**Try it**
Set each entry down verbatim, omitting images.

**Data supplied**
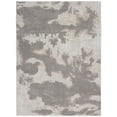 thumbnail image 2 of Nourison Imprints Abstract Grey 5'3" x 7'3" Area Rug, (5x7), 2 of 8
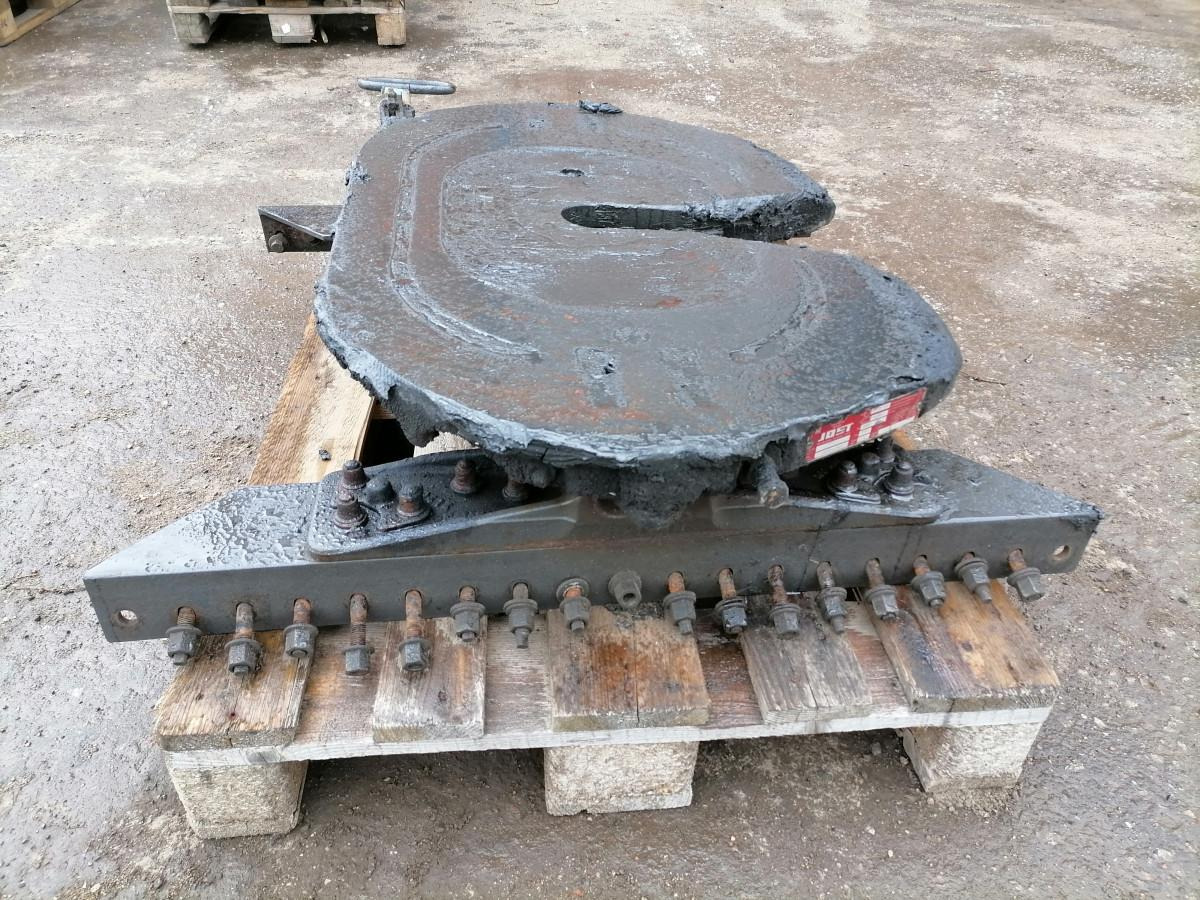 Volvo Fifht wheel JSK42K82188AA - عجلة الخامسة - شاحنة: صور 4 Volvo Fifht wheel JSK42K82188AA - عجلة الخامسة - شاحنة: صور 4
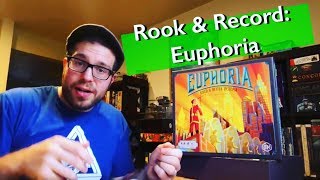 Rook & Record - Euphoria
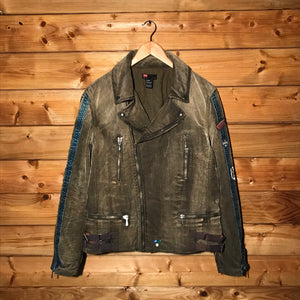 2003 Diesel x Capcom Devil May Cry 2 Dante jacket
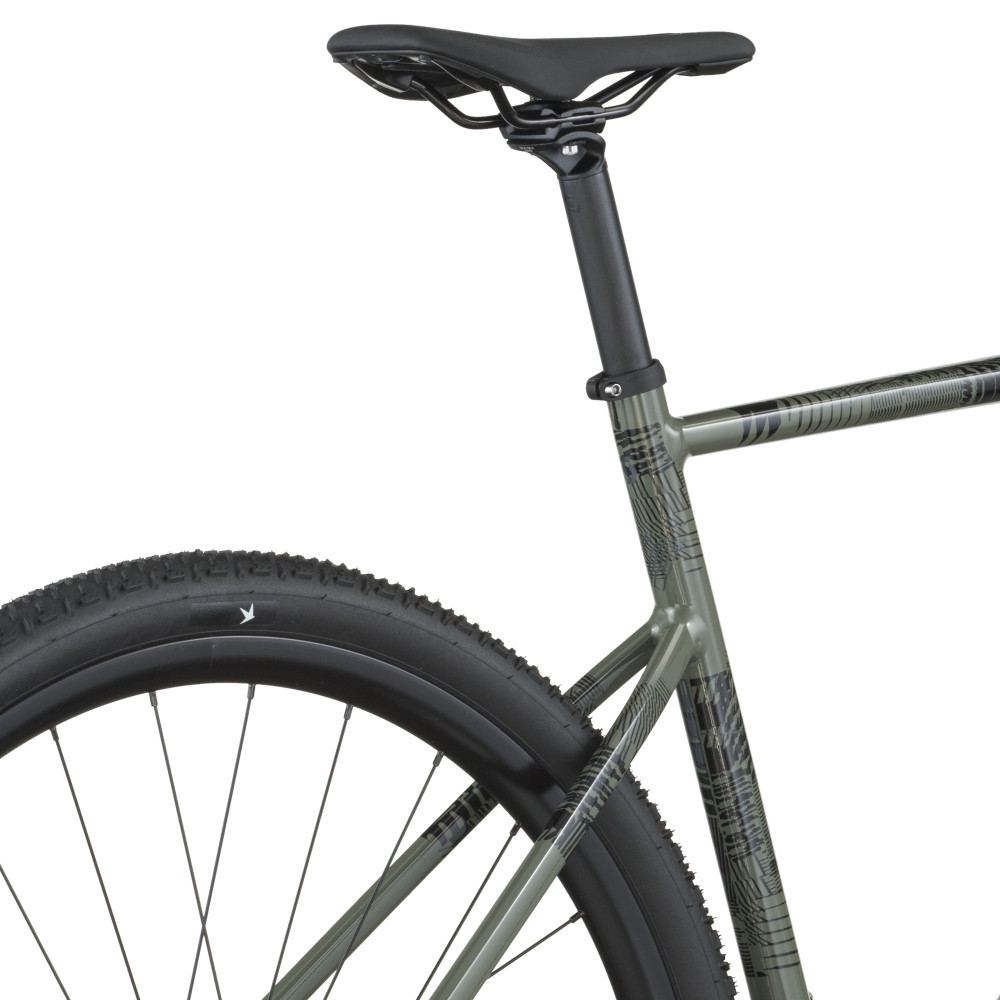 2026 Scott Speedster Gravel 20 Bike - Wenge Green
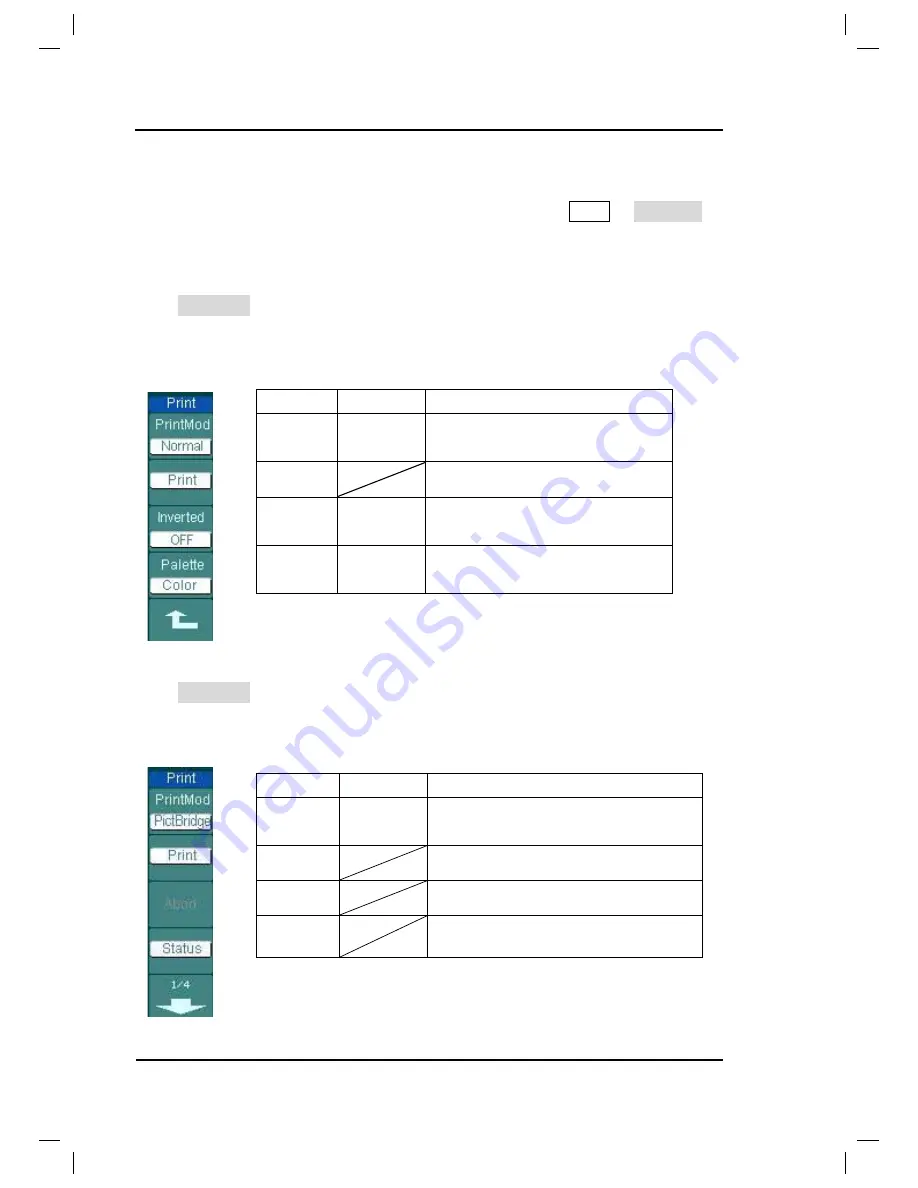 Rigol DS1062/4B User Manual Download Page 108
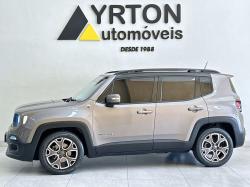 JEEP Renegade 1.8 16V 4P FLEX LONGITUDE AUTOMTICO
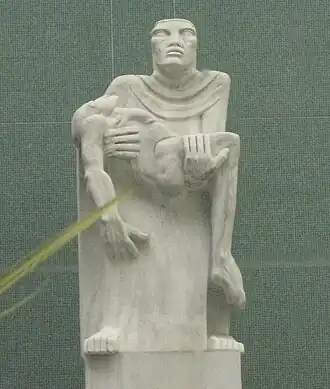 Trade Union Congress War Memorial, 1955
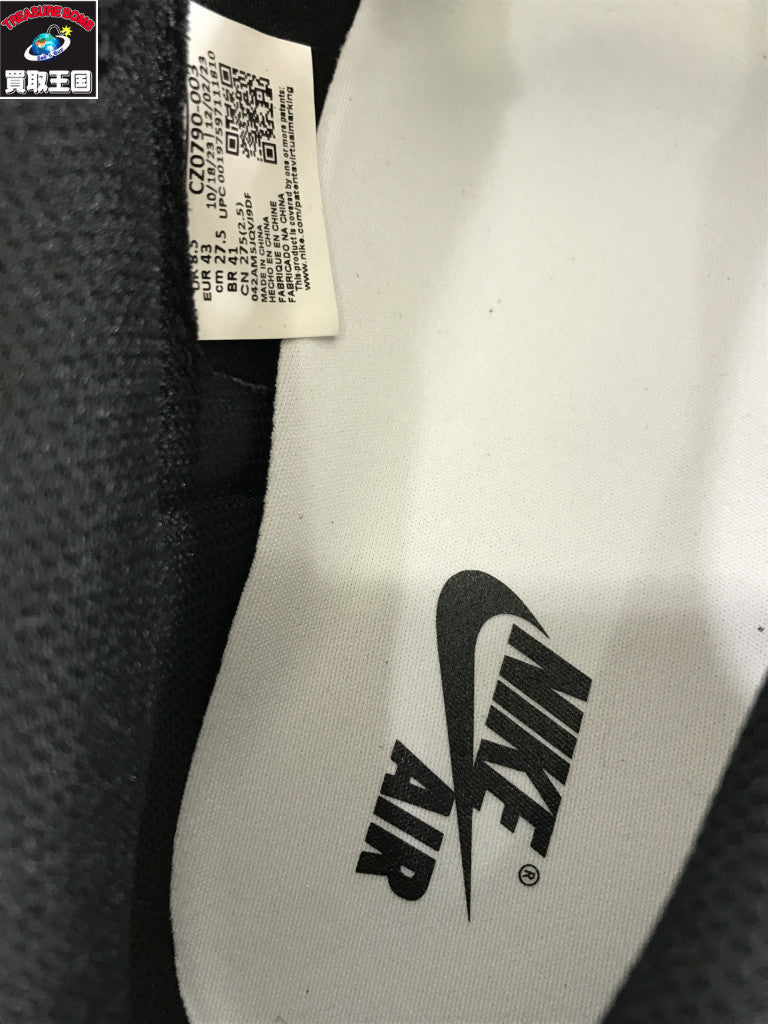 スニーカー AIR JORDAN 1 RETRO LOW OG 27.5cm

**Task output**
 thumbnail image 2 of Nourison Imprints Abstract Grey 5'3" x 7'3" Area Rug, (5x7), 2 of 8
 Volvo Fifht wheel JSK42K82188AA - عجلة الخامسة - شاحنة: صور 4 Volvo Fifht wheel JSK42K82188AA - عجلة الخامسة - شاحنة: صور 4
 Rook & Record - Euphoria
 2003 Diesel x Capcom Devil May Cry 2 Dante jacket
 2026 Scott Speedster Gravel 20 Bike - Wenge Green
 Rigol DS1062/4B User Manual Download Page 108
 JEEP Renegade 1.8 16V 4P FLEX LONGITUDE AUTOMTICO
 Trade Union Congress War Memorial, 1955
 スニーカー AIR JORDAN 1 RETRO LOW OG 27.5cm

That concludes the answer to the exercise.